• [Assignment]: Using the data beneath this instruction, retype only the lines from the one that contains "Used 2022 Ford" down to the one that contains "Bronx, USA - Oktober", both included, exactly as they appear.
● ● ● ● ● ● ●
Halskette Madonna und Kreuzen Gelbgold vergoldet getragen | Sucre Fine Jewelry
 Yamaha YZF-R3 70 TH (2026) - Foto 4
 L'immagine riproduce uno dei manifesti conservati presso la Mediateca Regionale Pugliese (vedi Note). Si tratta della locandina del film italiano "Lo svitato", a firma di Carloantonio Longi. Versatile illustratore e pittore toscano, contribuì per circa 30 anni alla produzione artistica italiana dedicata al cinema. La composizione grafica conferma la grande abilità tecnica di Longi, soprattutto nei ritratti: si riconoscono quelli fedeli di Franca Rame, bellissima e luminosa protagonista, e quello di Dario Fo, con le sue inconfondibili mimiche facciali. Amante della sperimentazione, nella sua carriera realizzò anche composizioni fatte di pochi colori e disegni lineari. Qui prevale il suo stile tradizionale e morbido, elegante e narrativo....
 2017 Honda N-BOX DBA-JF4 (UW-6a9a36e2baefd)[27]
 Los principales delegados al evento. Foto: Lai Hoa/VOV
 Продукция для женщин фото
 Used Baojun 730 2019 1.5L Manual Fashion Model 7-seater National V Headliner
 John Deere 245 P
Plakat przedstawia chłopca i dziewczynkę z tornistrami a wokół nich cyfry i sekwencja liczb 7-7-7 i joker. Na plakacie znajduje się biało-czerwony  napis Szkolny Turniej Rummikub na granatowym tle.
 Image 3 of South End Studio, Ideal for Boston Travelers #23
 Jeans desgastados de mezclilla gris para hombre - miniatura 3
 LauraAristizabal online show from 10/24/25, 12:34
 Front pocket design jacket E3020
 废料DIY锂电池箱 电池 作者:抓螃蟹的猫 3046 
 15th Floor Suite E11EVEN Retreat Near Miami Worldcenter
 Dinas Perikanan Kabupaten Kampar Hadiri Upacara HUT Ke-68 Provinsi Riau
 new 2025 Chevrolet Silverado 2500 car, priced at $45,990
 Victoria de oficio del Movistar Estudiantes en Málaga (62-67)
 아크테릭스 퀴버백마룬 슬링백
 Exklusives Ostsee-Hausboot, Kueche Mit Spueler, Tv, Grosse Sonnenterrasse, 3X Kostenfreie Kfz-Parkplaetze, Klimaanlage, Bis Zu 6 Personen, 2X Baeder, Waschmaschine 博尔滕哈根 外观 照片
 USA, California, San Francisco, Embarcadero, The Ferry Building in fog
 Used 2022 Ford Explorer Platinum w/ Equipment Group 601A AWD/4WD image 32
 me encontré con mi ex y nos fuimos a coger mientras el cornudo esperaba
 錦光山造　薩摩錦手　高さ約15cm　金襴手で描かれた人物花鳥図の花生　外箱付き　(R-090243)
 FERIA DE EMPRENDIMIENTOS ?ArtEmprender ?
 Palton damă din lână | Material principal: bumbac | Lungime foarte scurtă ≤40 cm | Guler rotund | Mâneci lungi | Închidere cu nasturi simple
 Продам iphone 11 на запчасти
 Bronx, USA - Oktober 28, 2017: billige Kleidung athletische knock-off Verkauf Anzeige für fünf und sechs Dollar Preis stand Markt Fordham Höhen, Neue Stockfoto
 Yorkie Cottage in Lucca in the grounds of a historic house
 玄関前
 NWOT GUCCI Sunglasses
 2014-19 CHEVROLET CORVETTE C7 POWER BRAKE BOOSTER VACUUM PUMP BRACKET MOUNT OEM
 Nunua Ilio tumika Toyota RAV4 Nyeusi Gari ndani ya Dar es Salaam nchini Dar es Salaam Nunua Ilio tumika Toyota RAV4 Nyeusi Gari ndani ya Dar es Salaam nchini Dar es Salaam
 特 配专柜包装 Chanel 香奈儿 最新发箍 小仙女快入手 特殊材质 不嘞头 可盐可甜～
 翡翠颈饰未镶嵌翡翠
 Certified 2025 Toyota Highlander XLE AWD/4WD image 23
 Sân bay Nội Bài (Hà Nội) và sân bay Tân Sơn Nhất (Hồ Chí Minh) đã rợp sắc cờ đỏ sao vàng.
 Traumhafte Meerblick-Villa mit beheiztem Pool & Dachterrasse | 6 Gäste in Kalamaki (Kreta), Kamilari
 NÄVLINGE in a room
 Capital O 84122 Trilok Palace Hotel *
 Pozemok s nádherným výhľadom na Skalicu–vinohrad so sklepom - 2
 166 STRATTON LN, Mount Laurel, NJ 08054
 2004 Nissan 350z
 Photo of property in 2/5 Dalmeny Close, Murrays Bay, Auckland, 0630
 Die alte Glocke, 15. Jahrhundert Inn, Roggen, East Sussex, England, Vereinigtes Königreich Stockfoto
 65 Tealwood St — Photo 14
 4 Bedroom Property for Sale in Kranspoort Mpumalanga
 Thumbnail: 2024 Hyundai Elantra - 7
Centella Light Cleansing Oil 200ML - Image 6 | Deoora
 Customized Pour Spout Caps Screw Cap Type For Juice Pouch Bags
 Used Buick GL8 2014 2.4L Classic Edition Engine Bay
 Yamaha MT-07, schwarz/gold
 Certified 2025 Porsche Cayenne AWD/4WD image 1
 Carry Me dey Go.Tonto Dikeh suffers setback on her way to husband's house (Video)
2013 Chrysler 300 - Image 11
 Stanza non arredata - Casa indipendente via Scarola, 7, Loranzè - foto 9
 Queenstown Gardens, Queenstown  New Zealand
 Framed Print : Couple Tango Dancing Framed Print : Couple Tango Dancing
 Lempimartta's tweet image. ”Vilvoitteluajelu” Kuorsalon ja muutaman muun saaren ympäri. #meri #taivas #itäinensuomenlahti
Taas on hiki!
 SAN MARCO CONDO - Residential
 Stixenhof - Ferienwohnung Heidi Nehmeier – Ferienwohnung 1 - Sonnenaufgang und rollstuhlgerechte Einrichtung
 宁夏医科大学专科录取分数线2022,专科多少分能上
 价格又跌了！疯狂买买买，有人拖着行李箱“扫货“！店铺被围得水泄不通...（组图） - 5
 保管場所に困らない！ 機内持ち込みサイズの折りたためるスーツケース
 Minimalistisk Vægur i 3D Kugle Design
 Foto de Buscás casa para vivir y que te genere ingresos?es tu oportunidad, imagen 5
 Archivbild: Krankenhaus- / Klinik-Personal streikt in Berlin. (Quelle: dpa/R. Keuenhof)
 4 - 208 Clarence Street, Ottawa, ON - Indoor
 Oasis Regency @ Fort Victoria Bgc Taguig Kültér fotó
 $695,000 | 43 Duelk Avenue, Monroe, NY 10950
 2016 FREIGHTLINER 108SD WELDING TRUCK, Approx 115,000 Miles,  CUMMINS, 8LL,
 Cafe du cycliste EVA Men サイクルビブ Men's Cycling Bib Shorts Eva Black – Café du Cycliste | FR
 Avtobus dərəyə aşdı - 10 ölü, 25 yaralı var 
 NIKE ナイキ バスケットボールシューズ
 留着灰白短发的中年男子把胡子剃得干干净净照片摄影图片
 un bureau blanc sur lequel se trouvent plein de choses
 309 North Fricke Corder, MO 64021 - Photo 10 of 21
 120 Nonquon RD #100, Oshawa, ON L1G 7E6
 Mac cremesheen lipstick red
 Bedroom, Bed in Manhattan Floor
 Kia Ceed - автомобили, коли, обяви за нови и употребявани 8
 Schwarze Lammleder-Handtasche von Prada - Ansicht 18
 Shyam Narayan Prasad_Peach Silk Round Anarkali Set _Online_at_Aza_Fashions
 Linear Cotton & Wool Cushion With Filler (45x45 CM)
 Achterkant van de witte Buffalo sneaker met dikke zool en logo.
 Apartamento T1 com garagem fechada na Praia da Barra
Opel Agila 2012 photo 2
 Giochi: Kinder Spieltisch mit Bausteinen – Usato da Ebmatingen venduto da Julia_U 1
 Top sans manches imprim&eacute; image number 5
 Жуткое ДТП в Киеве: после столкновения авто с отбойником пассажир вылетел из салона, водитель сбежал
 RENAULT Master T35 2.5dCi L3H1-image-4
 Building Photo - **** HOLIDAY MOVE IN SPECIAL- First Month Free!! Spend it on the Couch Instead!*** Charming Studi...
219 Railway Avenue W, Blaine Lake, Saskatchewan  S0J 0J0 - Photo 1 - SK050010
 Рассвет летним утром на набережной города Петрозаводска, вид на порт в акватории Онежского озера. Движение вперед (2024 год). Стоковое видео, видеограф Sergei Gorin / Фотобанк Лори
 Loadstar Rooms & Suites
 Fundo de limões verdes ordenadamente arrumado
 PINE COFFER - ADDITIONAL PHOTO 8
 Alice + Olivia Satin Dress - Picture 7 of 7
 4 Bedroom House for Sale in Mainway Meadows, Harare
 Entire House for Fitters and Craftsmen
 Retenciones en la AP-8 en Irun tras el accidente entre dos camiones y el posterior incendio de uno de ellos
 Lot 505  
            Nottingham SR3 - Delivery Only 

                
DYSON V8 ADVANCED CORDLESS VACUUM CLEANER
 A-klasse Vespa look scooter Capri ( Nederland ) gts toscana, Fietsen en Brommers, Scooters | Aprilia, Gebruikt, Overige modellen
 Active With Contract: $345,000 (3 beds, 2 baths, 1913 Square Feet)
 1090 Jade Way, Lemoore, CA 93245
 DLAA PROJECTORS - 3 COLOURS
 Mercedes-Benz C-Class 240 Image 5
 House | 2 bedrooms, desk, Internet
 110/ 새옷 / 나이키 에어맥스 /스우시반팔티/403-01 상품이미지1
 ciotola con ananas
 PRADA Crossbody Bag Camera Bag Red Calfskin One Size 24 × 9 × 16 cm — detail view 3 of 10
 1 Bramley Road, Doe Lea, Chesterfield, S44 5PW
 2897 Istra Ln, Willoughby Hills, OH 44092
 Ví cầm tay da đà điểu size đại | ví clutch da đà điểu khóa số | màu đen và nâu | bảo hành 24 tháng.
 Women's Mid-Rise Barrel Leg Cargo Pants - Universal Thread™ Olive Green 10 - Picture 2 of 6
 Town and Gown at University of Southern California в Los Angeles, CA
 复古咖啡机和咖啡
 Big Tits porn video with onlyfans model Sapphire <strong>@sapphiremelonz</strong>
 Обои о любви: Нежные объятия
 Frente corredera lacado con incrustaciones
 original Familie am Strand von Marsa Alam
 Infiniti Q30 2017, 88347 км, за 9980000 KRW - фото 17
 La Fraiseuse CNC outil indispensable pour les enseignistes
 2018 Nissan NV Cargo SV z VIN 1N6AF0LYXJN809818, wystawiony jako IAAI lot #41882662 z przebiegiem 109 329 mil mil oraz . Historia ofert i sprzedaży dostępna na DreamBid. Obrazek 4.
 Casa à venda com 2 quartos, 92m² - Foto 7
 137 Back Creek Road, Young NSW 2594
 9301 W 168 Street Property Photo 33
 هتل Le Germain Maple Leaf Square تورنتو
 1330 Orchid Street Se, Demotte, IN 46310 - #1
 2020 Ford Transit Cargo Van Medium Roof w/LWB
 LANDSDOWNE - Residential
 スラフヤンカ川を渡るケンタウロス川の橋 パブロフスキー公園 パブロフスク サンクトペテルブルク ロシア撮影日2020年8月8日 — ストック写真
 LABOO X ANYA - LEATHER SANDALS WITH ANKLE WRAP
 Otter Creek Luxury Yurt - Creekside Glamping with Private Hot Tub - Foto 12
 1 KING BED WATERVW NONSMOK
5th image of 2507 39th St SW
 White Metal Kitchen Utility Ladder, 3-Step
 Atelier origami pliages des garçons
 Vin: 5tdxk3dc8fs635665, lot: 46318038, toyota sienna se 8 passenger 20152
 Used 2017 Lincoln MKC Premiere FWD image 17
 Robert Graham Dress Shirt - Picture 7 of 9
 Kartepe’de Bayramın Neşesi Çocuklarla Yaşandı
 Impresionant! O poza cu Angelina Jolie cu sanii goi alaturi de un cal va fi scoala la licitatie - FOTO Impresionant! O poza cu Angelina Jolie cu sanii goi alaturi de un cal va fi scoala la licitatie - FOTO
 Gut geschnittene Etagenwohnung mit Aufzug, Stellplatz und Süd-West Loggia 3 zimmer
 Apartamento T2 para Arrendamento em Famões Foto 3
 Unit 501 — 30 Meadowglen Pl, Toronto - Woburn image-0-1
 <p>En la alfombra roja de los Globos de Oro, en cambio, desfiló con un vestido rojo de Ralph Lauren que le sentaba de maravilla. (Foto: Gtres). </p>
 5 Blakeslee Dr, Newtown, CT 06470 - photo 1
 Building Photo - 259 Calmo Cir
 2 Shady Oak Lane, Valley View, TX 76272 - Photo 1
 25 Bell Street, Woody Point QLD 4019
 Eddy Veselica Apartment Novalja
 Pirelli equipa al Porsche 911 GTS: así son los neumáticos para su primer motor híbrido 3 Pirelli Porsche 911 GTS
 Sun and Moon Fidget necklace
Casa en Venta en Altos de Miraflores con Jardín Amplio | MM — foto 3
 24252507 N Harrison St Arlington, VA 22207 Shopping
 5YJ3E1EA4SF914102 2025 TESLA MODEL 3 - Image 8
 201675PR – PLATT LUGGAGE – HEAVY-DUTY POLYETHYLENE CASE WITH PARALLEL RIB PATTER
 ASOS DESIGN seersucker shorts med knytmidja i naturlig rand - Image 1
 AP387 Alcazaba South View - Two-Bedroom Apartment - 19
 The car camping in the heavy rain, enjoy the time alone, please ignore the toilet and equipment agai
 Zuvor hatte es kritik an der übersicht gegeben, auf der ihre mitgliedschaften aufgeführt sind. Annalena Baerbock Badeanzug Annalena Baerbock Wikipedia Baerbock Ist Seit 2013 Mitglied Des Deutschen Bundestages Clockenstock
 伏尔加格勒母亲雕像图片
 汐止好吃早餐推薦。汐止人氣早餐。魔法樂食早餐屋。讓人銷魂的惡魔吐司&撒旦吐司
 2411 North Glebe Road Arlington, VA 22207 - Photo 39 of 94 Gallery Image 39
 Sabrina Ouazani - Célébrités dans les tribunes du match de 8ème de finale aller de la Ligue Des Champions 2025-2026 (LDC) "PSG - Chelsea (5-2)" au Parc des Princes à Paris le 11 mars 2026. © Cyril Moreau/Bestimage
● ● ● ● ● ● ●
• [Exercise answer]:
 Used 2022 Ford Explorer Platinum w/ Equipment Group 601A AWD/4WD image 32
 me encontré con mi ex y nos fuimos a coger mientras el cornudo esperaba
 錦光山造　薩摩錦手　高さ約15cm　金襴手で描かれた人物花鳥図の花生　外箱付き　(R-090243)
 FERIA DE EMPRENDIMIENTOS ?ArtEmprender ?
 Palton damă din lână | Material principal: bumbac | Lungime foarte scurtă ≤40 cm | Guler rotund | Mâneci lungi | Închidere cu nasturi simple
 Продам iphone 11 на запчасти
 Bronx, USA - Oktober 28, 2017: billige Kleidung athletische knock-off Verkauf Anzeige für fünf und sechs Dollar Preis stand Markt Fordham Höhen, Neue Stockfoto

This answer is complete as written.